Financing for family planning and reproductive health care, commodities and services is central to guaranteeing women’s and girls’ sexual and reproductive health and rights.
Currently, though, many governments still depend heavily on donor investments to fund family planning (FP) commodities and programs. At the same time, many low-income countries risk losing eligibility for donor funds as they transition to middle-income status and make other development gains. In an increasingly volatile donor environment, domestic resource mobilization for FP remains an issue needing urgent prioritization.
Through key informant interviews and analysis of existing data in 2018, PAI found that ultimately the government reconciled the loss of USAID FP/RH funding solely through funds from the treasury. It did so by creating a new budget allocation for the Ministerio de Salud Publico (Ministry of Public Health, MSP) for FP. Importantly, though, there is no evidence of the government having generated additional revenue to account for the new budget line—which could implicate trade-offs with other programming if government funds were redirected. Additional funds could have (but did not) come from taxes or even social security funds, including the public health insurance scheme.
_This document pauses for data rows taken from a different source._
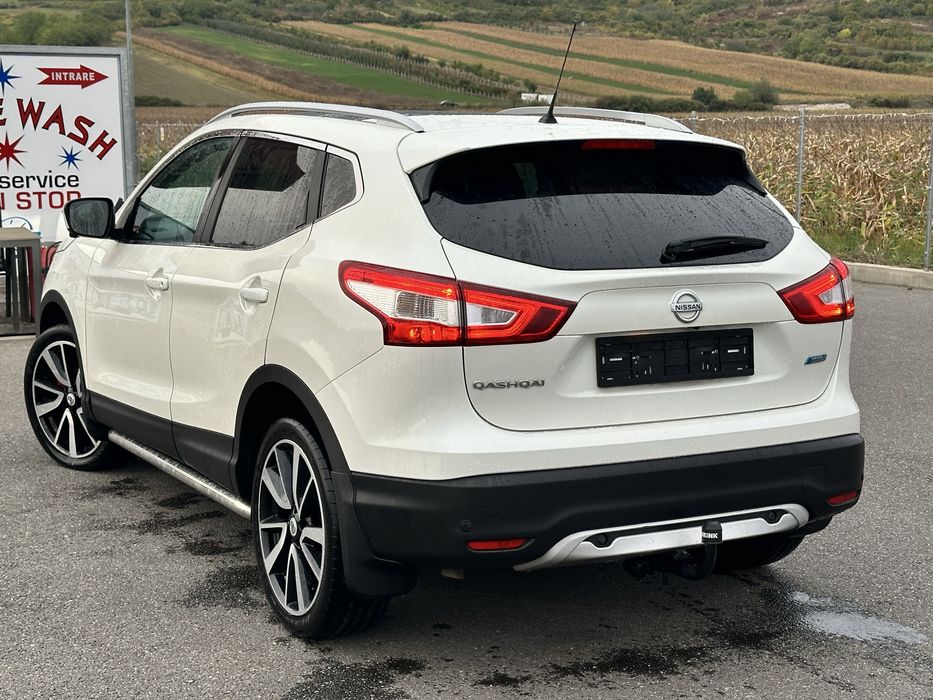 Nissan Qashqai 2015 / 1.5 DCI / 110 CP / Tekna / Alb perlat / Euro6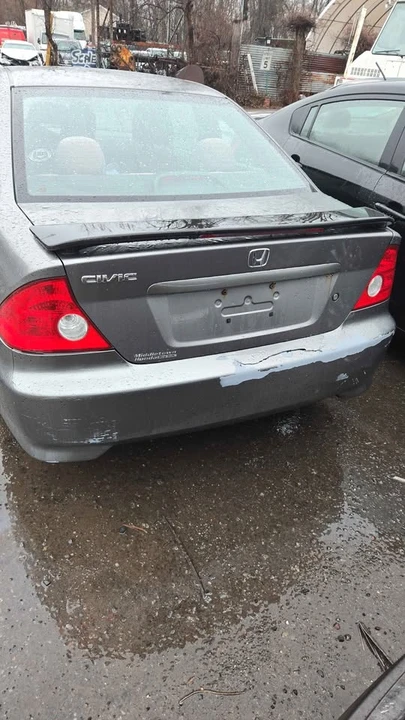 2004 Honda Civic 7th Gen - Image 3 of 5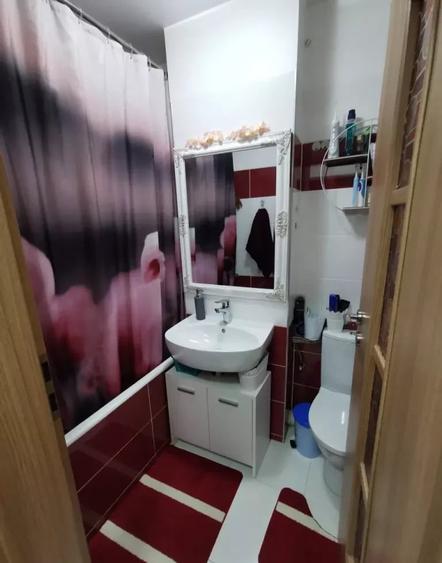 Apartament cu 3 camere în Cetate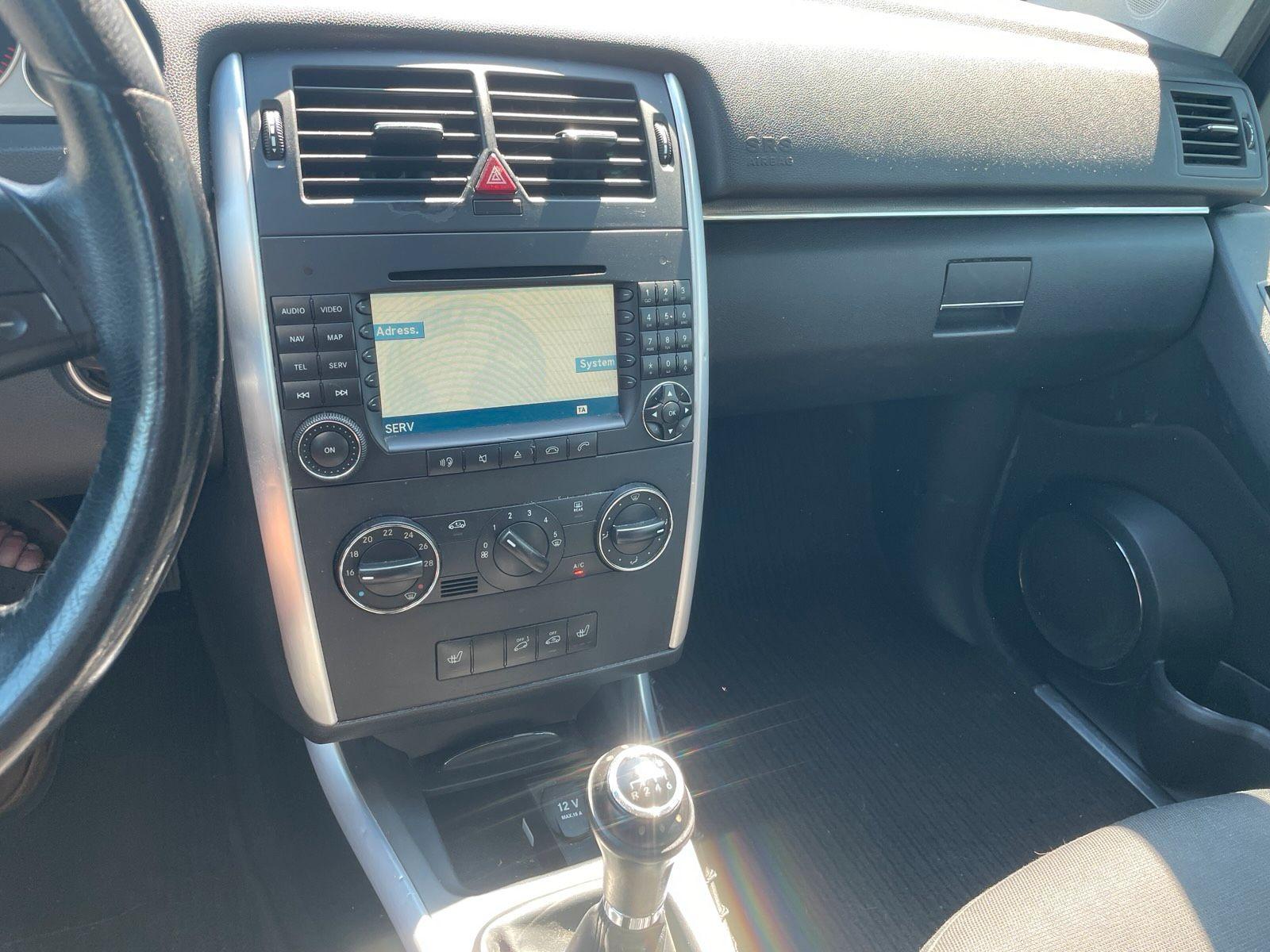 Mercedes-Benz 200 2007 — photo 11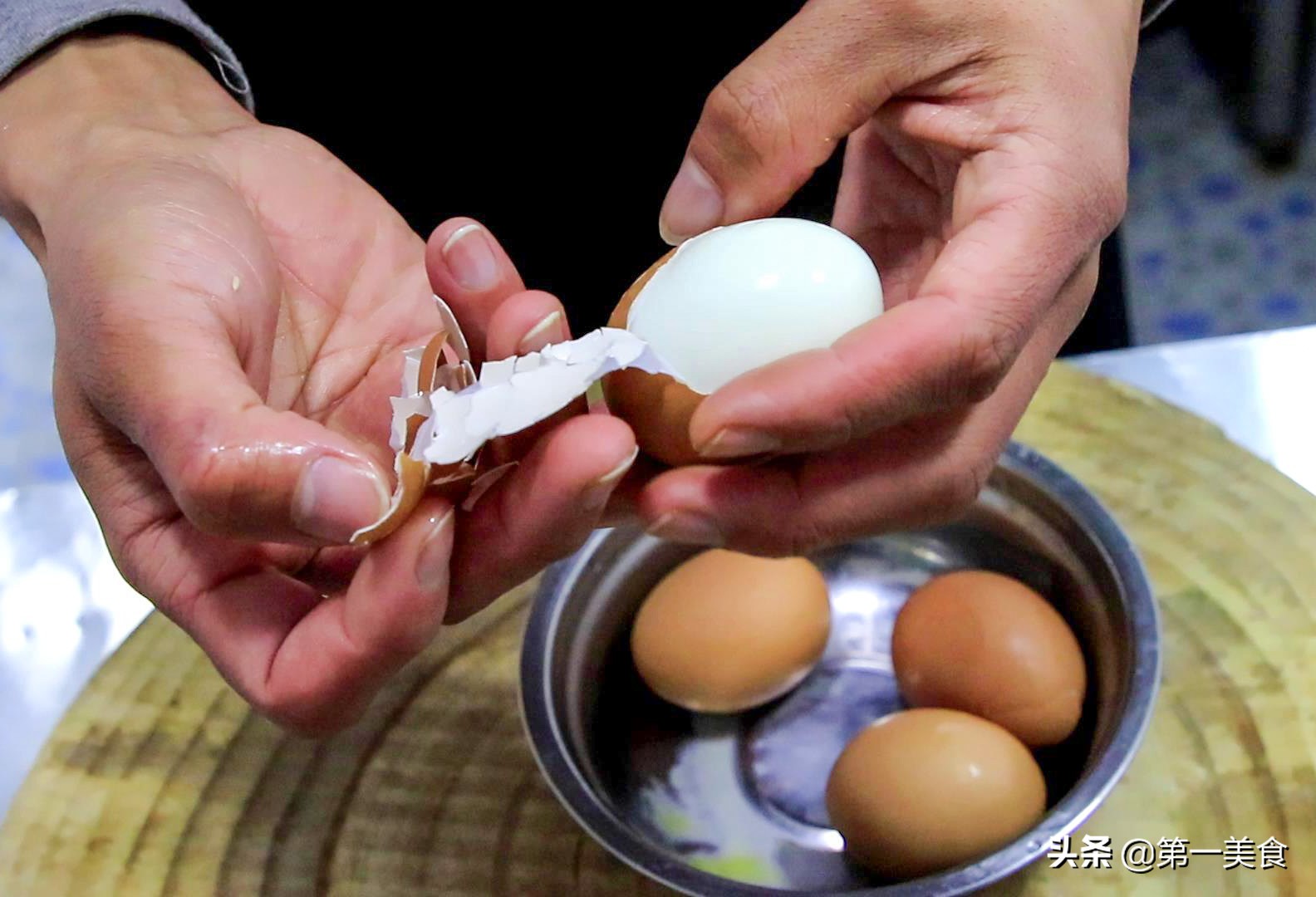 狮子头怎么做才松软又好吃,红烧狮子头为什么加鸡蛋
While MSP secured a budget allocation for FP/RH programs, to date, most of those funds are directed toward contraceptive procurement, leaving little for programming. Likewise, from the government perspective, the speed of transitioning FP financing roles and responsibilities from donor to domestic ownership proved to be a challenge. Thus, the way the Dominican government has financed FP and mobilized domestic sources of funding to replace donor funds raises concerns about the sustainability of that funding as well as the ability of the government to sufficiently meet women’s and girls’ FP needs.